Top of Dataset

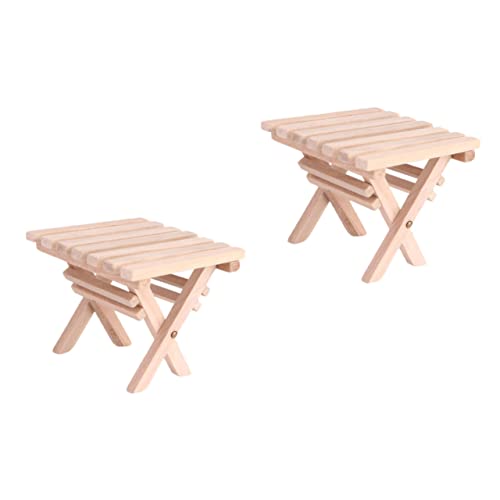 Veemoon 2 Stücke Miniatur Klapptisch Aus Holz – Perfekte Möbelzubehör Für Puppenhaus - Ideal Für Kreative Spielwelten Und Detailreiche Einrichtung Veemoon 2 Stücke Miniatur Klapptisch Aus Holz – Perfekte Möbelzubehör Für Puppenhaus - Ideal Für Kreative Spielwelten Und Detailreiche Einrichtung von Veemoon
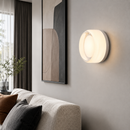 Настінний срібний світильник з білим плафоном D-13 cm Led 3W Silver + White Lori 260728-100008402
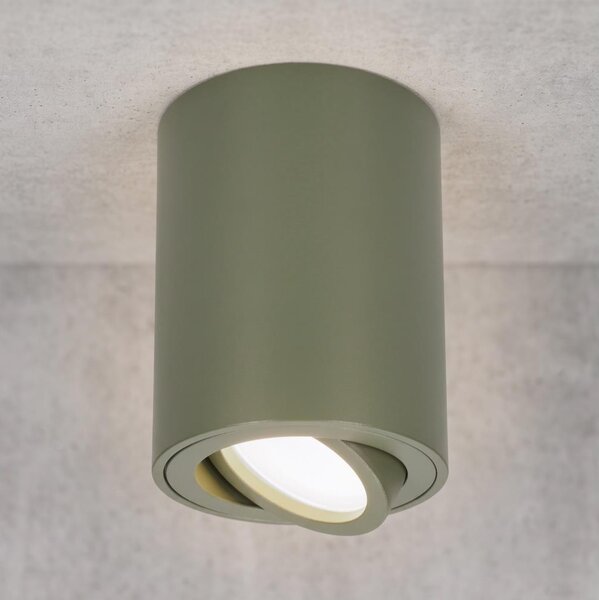 BRILAGI - Bodové svítidlo MIA 1xGU10/30W/230V 100x80 mm tmavě zelená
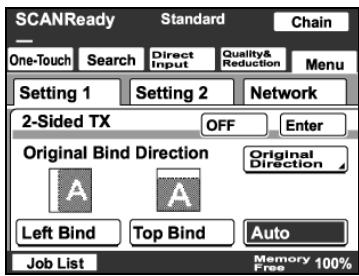 KONICA BIZHUB 222 - Specifying double-sided transmission settings - 2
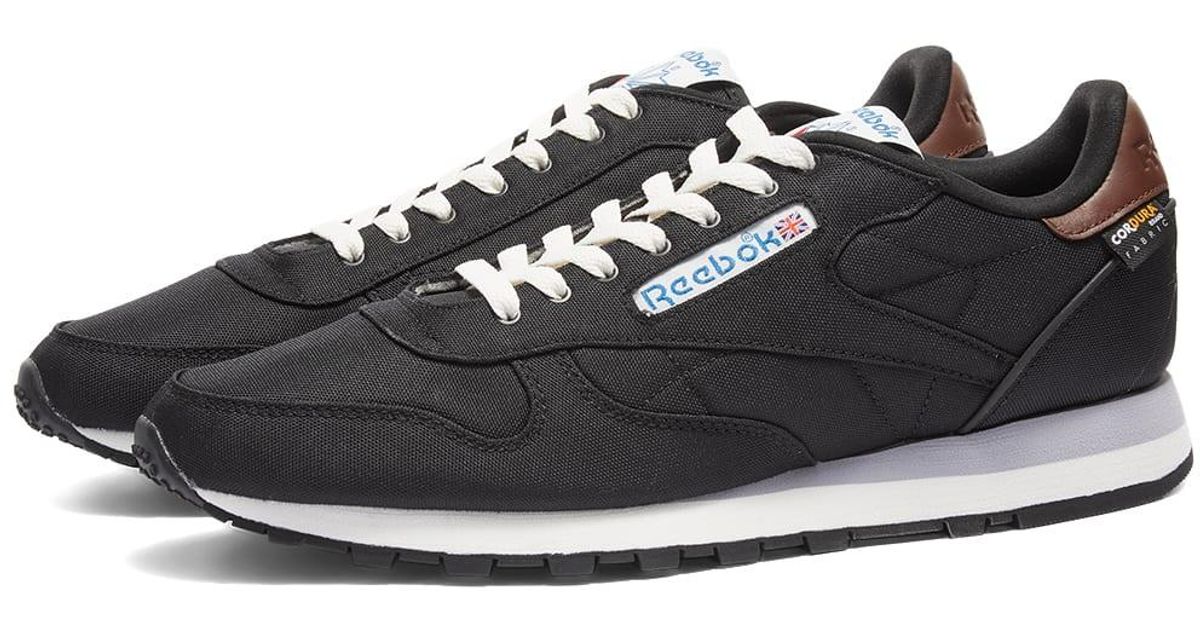 Reebok Classic Leather Cordura Sneakers in Black/Chalk/Brown (Black ...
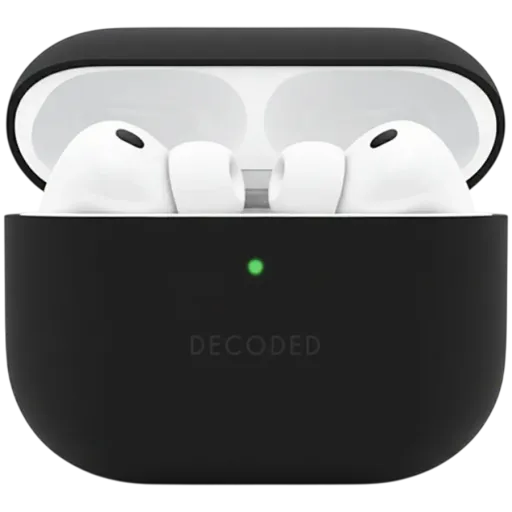 Husă DECODED din silicon pentru AirPods Pro (Gen.3), Black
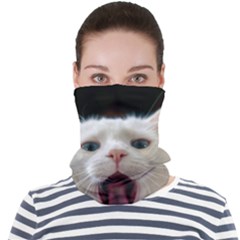 Wow Kitty Cat From Fonebook Face Seamless Bandana (adult)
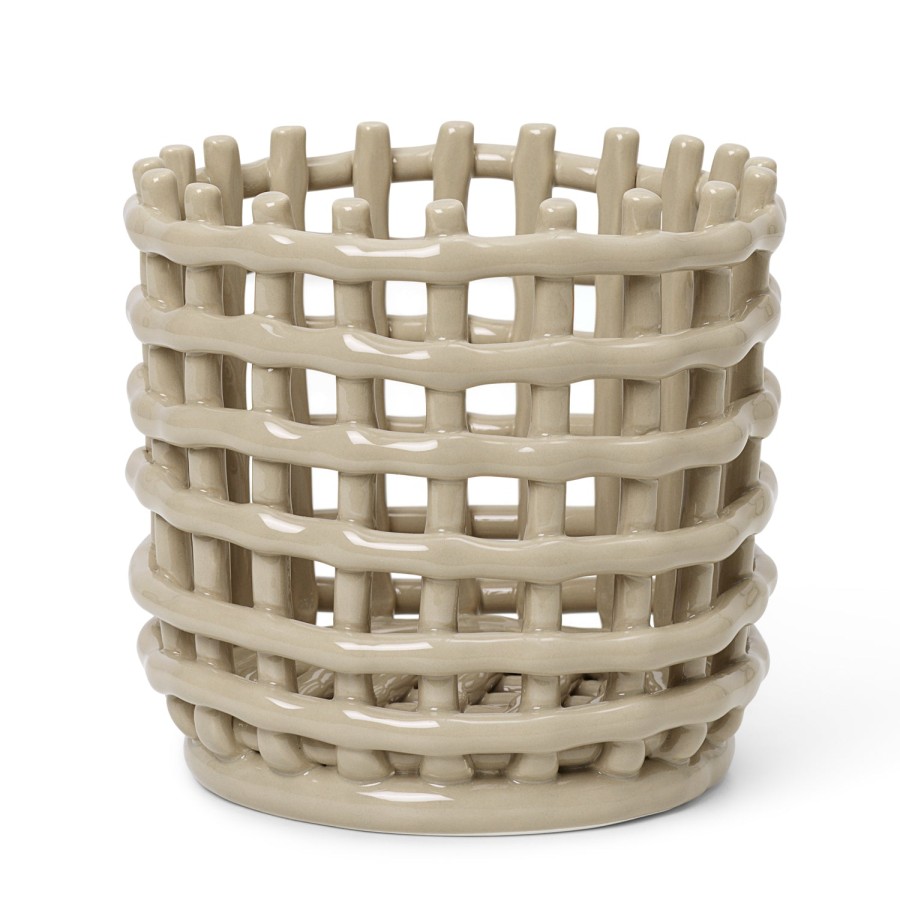 Ferm Living Ceramic Small Basket New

Bottom of Dataset

* [Assignment]: Omitting all pictures, copy the preceding entries without any alteration.

* [Reply to the task]:
 Veemoon 2 Stücke Miniatur Klapptisch Aus Holz – Perfekte Möbelzubehör Für Puppenhaus - Ideal Für Kreative Spielwelten Und Detailreiche Einrichtung Veemoon 2 Stücke Miniatur Klapptisch Aus Holz – Perfekte Möbelzubehör Für Puppenhaus - Ideal Für Kreative Spielwelten Und Detailreiche Einrichtung von Veemoon
 Настінний срібний світильник з білим плафоном D-13 cm Led 3W Silver + White Lori 260728-100008402
 BRILAGI - Bodové svítidlo MIA 1xGU10/30W/230V 100x80 mm tmavě zelená
 KONICA BIZHUB 222 - Specifying double-sided transmission settings - 2
 Reebok Classic Leather Cordura Sneakers in Black/Chalk/Brown (Black ...
 Husă DECODED din silicon pentru AirPods Pro (Gen.3), Black
 Wow Kitty Cat From Fonebook Face Seamless Bandana (adult)
 Ferm Living Ceramic Small Basket New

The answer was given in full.